De tekst in een titelblok aan recordgegevens linken

Dankzij speciale knoppen die beschikbaar zijn in de bewerkmodus, kunt u de tekst in een titelblok linken aan de records van het bestand opdat de tekst automatisch wordt bijgewerkt op basis van de recordgegevens.

Om de tekst in een titelblok aan de records van het bestand te linken:

1.      Activeer de bewerkmodus van een geselecteerd bladkader volgens een van deze werkwijzen:

       Open het tabblad Titelblok van het dialoogvenster ‘Instellingen bladkader’ en klik op de knop Bewerk opmaak titelblok; de huidige instellingen worden bewaard en het dialoogvenster wordt gesloten alvorens de bewerkmodus wordt geactiveerd.

       Klik op de knop Bewerk opmaak titelblok in het Infopalet.

       Klik rechts op het object en selecteer het commando Bewerk in het contextmenu.
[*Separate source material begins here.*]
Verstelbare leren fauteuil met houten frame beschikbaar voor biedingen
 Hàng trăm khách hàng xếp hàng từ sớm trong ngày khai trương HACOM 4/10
Wanneer het dialoogvenster ‘Bewerk bladkader’ verschijnt, duidt u de optie Opmaak titelblok aan.

       Selecteer het gewenste bladkader en ga naar het menu Bewerk > Bewerk bladkader.

Veel bladkaderstijlen laten geen wijzigingen toe aan de opmaak van een individueel object in de tekening; in zo’n gevallen is de bewerkmodus niet toegankelijk. U kunt wel de opmaak van de objectstijl bewerken, maar dit zal invloed hebben op de opmaak van alle bladkaders die díe stijl gebruiken.

2.Selecteert het tekstblok waarvoor u een link wilt creëren; tekstobjecten worden in het Infopalet benoemd als “Tekst in titelblok”.

3.Selecteer in de sectie ‘Titelblok gegevens’, onderaan het infopalet, het gewenste Type veld:

       ‘Niet koppelen’ zorgt ervoor dat u de tekst rechtstreeks in het tekstveld kunt aanpassen.

       ‘Waarde koppelen’ stelt u in staat om een link tot stand te brengen tussen de tekst en een van de records die aan het bladkader gekoppeld zijn.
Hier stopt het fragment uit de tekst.